-- ACTIVITY --
From the records below, print exactly the lines starting at the one containing "Frigidaire 316495054 manual" and ending at the one containing "Giovanna 【iPhone 16シリーズ対応】シリコンスマホケース（レザー調） 材質：シリコン", ends included, and nothing else.

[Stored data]
%%
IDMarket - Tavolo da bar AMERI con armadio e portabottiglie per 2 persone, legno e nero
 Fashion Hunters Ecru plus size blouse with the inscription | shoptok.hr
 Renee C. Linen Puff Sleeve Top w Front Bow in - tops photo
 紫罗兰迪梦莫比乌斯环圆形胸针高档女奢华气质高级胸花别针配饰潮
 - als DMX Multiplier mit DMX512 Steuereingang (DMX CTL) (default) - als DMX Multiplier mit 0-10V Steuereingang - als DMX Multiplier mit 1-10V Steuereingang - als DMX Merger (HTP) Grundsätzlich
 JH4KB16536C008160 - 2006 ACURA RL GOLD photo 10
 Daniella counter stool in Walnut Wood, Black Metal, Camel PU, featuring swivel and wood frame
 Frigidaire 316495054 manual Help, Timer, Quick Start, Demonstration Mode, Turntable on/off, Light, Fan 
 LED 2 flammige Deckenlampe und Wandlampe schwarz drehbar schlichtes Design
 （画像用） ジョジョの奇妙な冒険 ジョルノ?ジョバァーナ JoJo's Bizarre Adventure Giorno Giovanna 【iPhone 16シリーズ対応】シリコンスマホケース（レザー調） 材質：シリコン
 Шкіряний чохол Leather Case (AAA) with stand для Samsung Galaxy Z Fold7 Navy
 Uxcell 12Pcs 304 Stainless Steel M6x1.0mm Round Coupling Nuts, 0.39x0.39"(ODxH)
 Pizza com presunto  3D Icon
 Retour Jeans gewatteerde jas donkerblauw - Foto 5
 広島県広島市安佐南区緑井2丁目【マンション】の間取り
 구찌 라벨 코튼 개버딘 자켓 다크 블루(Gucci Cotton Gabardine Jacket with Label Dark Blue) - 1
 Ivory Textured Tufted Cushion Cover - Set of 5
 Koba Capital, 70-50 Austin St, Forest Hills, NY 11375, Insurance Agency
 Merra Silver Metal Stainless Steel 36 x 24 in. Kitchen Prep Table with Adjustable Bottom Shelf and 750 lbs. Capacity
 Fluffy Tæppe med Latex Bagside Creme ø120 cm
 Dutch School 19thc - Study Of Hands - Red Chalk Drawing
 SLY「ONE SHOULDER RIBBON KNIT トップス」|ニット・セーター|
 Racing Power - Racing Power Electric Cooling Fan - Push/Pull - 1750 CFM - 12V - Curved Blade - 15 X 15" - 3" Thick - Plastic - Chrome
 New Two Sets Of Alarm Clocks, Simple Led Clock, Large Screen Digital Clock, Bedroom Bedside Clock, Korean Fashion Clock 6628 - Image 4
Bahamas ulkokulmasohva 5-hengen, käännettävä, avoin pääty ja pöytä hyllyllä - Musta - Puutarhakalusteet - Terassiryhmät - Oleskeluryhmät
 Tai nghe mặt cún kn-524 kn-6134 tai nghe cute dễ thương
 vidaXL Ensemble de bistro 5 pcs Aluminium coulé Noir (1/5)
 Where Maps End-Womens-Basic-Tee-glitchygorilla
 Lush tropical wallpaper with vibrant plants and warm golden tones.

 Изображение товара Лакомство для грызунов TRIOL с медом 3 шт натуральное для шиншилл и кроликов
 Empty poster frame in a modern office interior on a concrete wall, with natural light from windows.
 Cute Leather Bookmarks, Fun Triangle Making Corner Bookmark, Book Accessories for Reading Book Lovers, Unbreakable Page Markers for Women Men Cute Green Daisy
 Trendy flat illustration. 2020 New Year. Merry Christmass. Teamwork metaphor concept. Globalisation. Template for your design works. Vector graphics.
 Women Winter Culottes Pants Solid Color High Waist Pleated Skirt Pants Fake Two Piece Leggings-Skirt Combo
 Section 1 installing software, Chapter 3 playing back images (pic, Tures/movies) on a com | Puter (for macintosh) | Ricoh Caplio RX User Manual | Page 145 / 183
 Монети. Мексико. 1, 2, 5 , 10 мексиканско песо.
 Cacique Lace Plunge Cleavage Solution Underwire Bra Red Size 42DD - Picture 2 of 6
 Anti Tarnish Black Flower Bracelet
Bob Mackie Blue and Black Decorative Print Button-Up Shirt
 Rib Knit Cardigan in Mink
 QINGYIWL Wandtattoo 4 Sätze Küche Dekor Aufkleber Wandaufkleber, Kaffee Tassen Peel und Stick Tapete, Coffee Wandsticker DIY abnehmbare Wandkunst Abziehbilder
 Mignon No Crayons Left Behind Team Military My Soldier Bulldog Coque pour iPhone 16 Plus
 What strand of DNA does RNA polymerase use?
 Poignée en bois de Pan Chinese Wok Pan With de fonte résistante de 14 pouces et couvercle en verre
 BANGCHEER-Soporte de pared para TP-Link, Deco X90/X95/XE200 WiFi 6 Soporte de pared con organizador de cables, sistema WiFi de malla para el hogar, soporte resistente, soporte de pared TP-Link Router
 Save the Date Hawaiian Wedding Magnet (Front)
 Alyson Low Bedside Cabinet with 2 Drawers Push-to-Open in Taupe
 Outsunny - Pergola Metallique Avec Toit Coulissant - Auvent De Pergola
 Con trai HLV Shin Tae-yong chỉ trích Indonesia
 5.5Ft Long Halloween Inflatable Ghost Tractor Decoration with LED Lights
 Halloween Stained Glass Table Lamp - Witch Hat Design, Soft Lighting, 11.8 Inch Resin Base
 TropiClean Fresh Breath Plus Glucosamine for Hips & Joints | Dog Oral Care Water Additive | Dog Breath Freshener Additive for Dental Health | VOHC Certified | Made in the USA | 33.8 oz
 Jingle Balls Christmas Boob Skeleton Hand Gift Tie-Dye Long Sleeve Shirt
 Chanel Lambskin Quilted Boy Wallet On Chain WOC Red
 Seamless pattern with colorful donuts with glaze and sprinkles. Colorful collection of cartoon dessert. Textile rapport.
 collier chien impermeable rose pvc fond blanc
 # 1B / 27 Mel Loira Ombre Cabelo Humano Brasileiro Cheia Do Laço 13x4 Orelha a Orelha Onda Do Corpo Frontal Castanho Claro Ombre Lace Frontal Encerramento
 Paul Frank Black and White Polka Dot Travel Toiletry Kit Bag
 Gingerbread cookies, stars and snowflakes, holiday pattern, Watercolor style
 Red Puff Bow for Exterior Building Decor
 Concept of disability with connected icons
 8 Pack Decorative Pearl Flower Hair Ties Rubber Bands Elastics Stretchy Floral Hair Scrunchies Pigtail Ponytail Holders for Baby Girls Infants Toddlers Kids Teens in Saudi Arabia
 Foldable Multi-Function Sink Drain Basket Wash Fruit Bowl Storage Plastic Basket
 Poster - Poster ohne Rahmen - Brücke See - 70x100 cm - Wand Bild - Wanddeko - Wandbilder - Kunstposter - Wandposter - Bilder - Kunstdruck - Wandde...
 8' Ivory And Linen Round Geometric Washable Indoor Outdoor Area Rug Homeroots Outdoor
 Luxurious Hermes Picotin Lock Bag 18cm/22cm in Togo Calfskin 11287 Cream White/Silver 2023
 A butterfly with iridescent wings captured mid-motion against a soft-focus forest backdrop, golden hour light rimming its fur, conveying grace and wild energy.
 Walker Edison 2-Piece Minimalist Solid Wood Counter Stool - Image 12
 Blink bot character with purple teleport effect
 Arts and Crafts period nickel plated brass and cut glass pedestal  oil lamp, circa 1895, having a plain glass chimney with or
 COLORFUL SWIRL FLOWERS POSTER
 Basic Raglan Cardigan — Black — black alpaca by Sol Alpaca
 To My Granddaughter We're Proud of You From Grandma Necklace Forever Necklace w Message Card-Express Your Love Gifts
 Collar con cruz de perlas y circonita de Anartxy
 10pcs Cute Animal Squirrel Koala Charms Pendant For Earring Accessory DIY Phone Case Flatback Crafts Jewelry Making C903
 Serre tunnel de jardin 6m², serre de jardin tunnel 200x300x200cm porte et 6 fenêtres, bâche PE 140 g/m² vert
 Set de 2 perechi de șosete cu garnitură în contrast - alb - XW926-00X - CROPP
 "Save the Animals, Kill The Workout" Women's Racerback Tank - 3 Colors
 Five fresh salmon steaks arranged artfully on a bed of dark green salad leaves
%%
-- OUTPUT OF THE EXERCISE --
 Frigidaire 316495054 manual Help, Timer, Quick Start, Demonstration Mode, Turntable on/off, Light, Fan 
 LED 2 flammige Deckenlampe und Wandlampe schwarz drehbar schlichtes Design
 （画像用） ジョジョの奇妙な冒険 ジョルノ?ジョバァーナ JoJo's Bizarre Adventure Giorno Giovanna 【iPhone 16シリーズ対応】シリコンスマホケース（レザー調） 材質：シリコン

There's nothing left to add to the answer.